WHAT THE TASK ASKS: No picture should appear in the copy. Transcribe exactly, and only, the lines from the one with "As far as the" through the last line of the data below.

DATA SECTION:
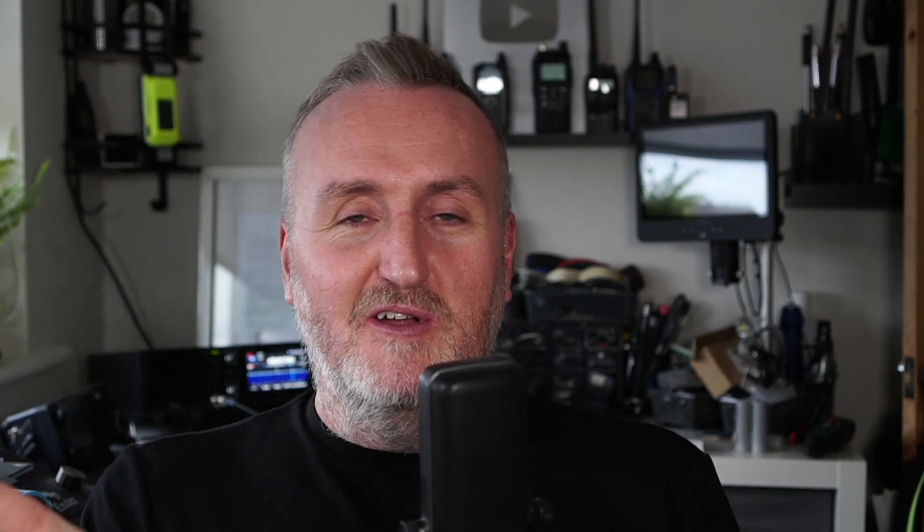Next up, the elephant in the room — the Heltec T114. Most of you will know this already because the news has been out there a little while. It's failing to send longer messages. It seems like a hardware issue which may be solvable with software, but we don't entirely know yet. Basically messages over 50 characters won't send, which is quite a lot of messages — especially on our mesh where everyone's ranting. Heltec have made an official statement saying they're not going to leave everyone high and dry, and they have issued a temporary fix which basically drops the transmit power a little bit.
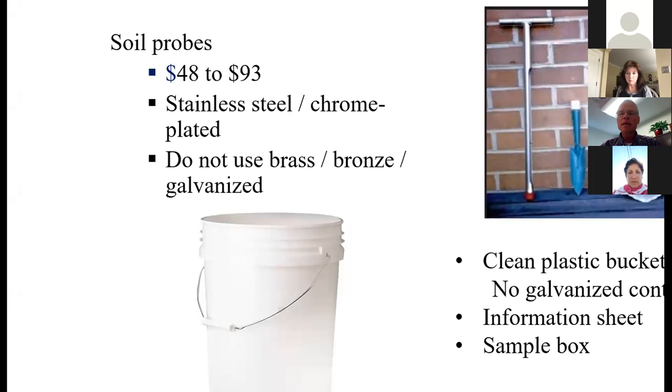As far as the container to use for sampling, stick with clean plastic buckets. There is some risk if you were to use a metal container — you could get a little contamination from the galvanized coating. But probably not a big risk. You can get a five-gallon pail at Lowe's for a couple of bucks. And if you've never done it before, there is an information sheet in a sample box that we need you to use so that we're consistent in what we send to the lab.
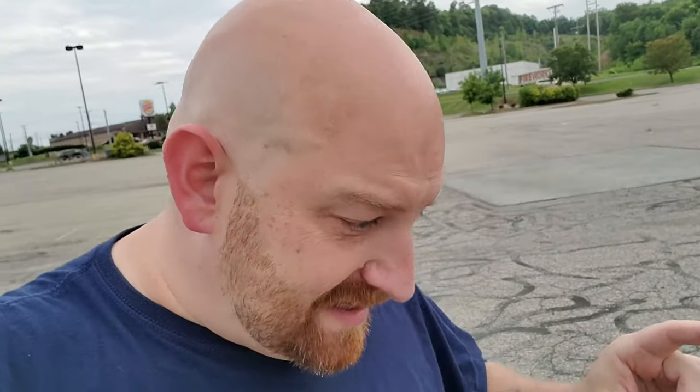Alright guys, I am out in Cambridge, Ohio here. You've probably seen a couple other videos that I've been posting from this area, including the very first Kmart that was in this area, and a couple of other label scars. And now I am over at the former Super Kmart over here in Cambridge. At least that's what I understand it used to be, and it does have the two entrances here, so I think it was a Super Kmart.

SOLVED PROBLEM:
As far as the container to use for sampling, stick with clean plastic buckets. There is some risk if you were to use a metal container — you could get a little contamination from the galvanized coating. But probably not a big risk. You can get a five-gallon pail at Lowe's for a couple of bucks. And if you've never done it before, there is an information sheet in a sample box that we need you to use so that we're consistent in what we send to the lab.
Alright guys, I am out in Cambridge, Ohio here. You've probably seen a couple other videos that I've been posting from this area, including the very first Kmart that was in this area, and a couple of other label scars. And now I am over at the former Super Kmart over here in Cambridge. At least that's what I understand it used to be, and it does have the two entrances here, so I think it was a Super Kmart.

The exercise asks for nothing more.